* **EXERCISE**: Take nothing but the lines from the one with "Combo 2 Sữa" through the one with "100ml Electronic Silicone" in the entries below, both ends kept, and return them exactly with pictures left out.

* **MATERIAL FOR THIS TASK**:
══════════════════════════════

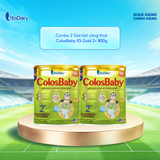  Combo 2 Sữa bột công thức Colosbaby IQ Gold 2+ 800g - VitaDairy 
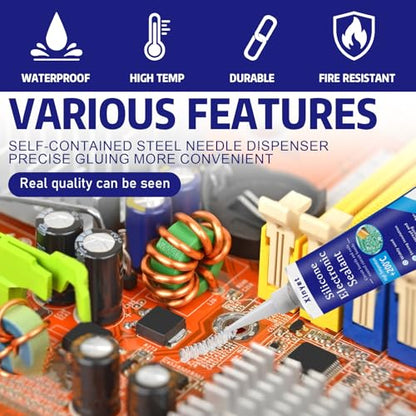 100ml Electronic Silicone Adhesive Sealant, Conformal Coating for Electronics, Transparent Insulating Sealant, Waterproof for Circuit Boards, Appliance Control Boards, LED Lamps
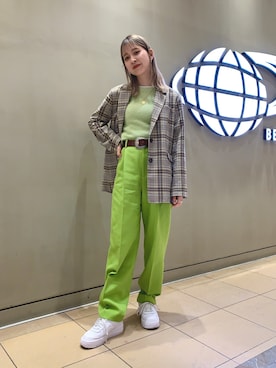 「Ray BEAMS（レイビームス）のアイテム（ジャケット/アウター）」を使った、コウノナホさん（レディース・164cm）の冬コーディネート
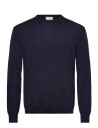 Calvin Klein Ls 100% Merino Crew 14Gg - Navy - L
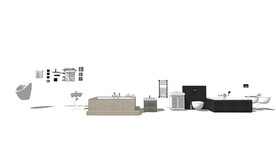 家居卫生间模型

══════════════════════════════

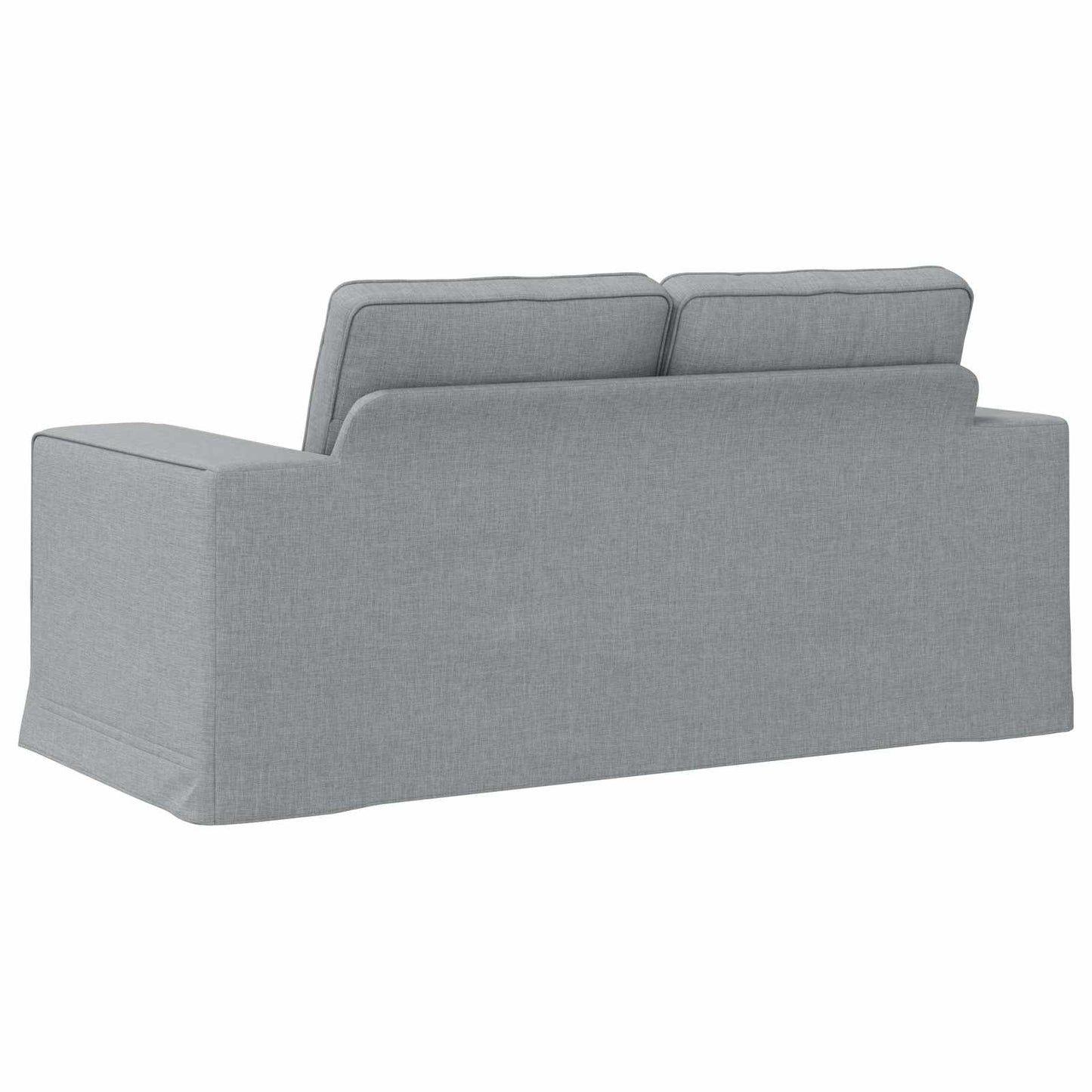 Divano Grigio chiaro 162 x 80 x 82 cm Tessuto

══════════════════════════════

* **OUTPUT FOR THIS EXERCISE**:
  Combo 2 Sữa bột công thức Colosbaby IQ Gold 2+ 800g - VitaDairy 
 100ml Electronic Silicone Adhesive Sealant, Conformal Coating for Electronics, Transparent Insulating Sealant, Waterproof for Circuit Boards, Appliance Control Boards, LED Lamps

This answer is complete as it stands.